Politica
Scioglimento per infiltrazioni camorristiche, è il giorno del giudizio
Scioglimento per infiltrazioni camorristiche, è il giorno del giudizio. Questa mattina, davanti ai giudici del Tar del Lazio, si discute il ricorso presentato dall’ex amministrazione Cimmino. Si chiede l’annullamento della decisione del Viminale, risalente allo scorso febbraio, quando in consiglio dei ministri fu ratificato lo scioglimento del consiglio comunale per infiltrazioni camorristiche. Sono seguiti mesi di veleni, accuse, indiscrezioni, anche a seguito della relazione della commissione d’accesso che ha determinato lo scioglimento.

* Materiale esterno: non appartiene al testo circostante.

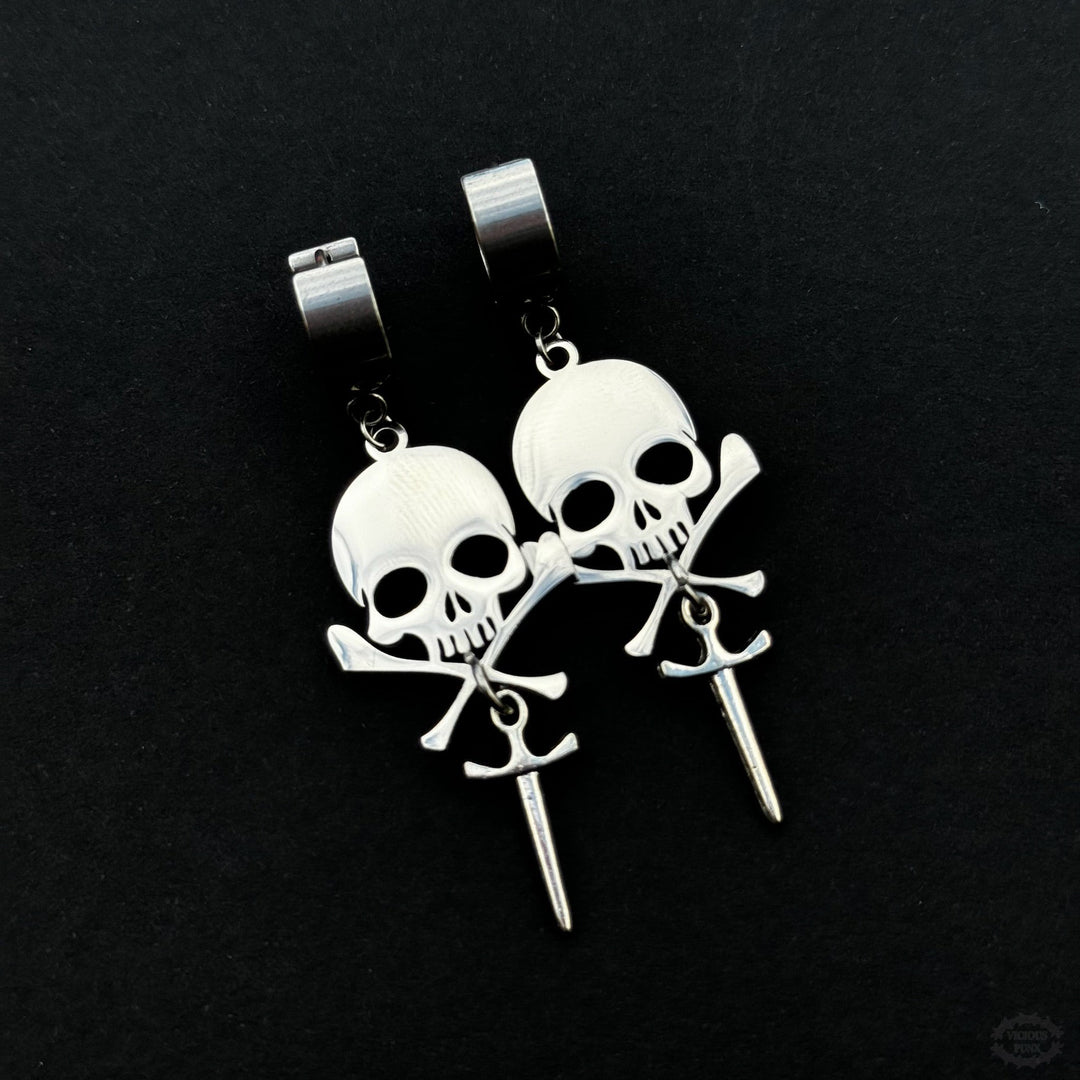 SKULL & DAGGER HUGGIE HOOPS-Vicious Punx-Vicious Punx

Cimmino e soci questa mattina sono partiti, a bordo di un frecciarossa, alla volta di Roma per presenziare all’udienza in programma oggi. Nelle scorse settimane i difensori dei consiglieri di maggioranza hanno presentato le proprie memorie per convincere i giudici ad annullare il provvedimento infamante. Cosa che non ha fatto invece l’avvocatura dello Stato, che si è limitata a replicare alle memorie del collegio difensivo. Resta però il giallo degli allegati alla relazione desegretata, risultati illeggibili al momento della consegna. Anche su questo punto gli avvocati daranno battaglia in udienza. Difficile che però si arrivi a una conclusione già oggi. In ogni caso Castellammare di Stabia è al bivio: la conferma dello scioglimento, oppure il ribaltamento con il ritorno in carica dell’ex amministrazione fino alla scadenza naturale.